December 9 - January 28, 2021

PUBLIC
91 Middlesex St
London E1 7DA

Bridget Mullen










Laurence Owen








Vanessa da Silva









Dancing back and forth across the threshold between abstraction and figuration, BridgetMullen creates mutable, liminal spaces in which half-formed shapes and figures whirl in a constant state of emerging or dissolving. The steady hum of repetition present in each of the five paintings feels like a mirage, hypnotizing us with the illusion of momentum whilst frozen in a moment. Her forms are at once strange and familiar, but always about to morph into something else. Rather than presenting the viewer with a narrative or fleshed out idea, Mullen suggests a workable space that feels as if it’s still coming into being and requires your standing before it to complete it.

Operating as enigmatic and mysterious objects, Laurence Owen’s wall-based multi-media sculptures draw on phenomenological ideas and experiences from urban and natural environments. Incorporating a range of approaches including sculpture, painting and ceramics, Owen’s hybridized compositions fold inside and outside of themselves, offering through materialistic metaphor, wider socio-political ideas around territory and border. By shifting and merging these concepts to create alternative definitions and reframe their commonly understood meanings, Owen hints at notions of these systems operating behind our daily existence. Throughout his work, a collapse between past and present occurs; futurist scenarios appear to simulate and flow into established aesthetics as an equally speculative – science fictional – realm.

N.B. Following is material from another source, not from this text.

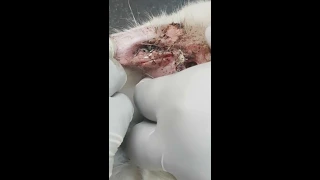 Removal of maggots from cat.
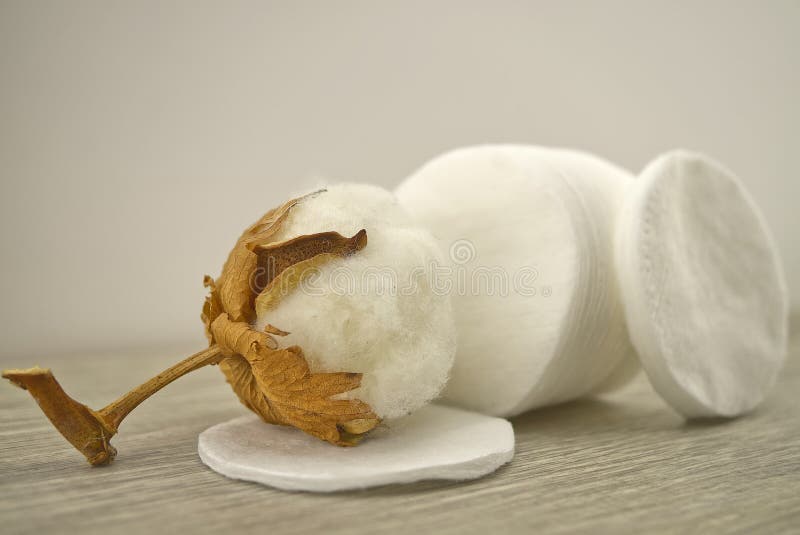 Stack of Round Cotton Pads and Natural Cotton Boll Stock Photo Image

Traversing the intersection between the human body and nature, Vanessa da Silva presents an expansive installation comprised of a new series of sculptures. Neither human nor part of nature, these ‘unrooted bodies’ are hybrids in a constant state of mutation, metamorphosing into something still unknown. Projecting up from a platform of glass windows, these forms of varying size punctuate the space like stalagmites and challenge perceived orientations through their reflections—alluding to the uprootedness of the present moment in which systems, institutions and ‘truths’ are caving in. The organic irregularity of these smooth white structures recalls the boned architecture of our bodies, yet they hint at something altogether different and like the external structures around us are subject to collapse.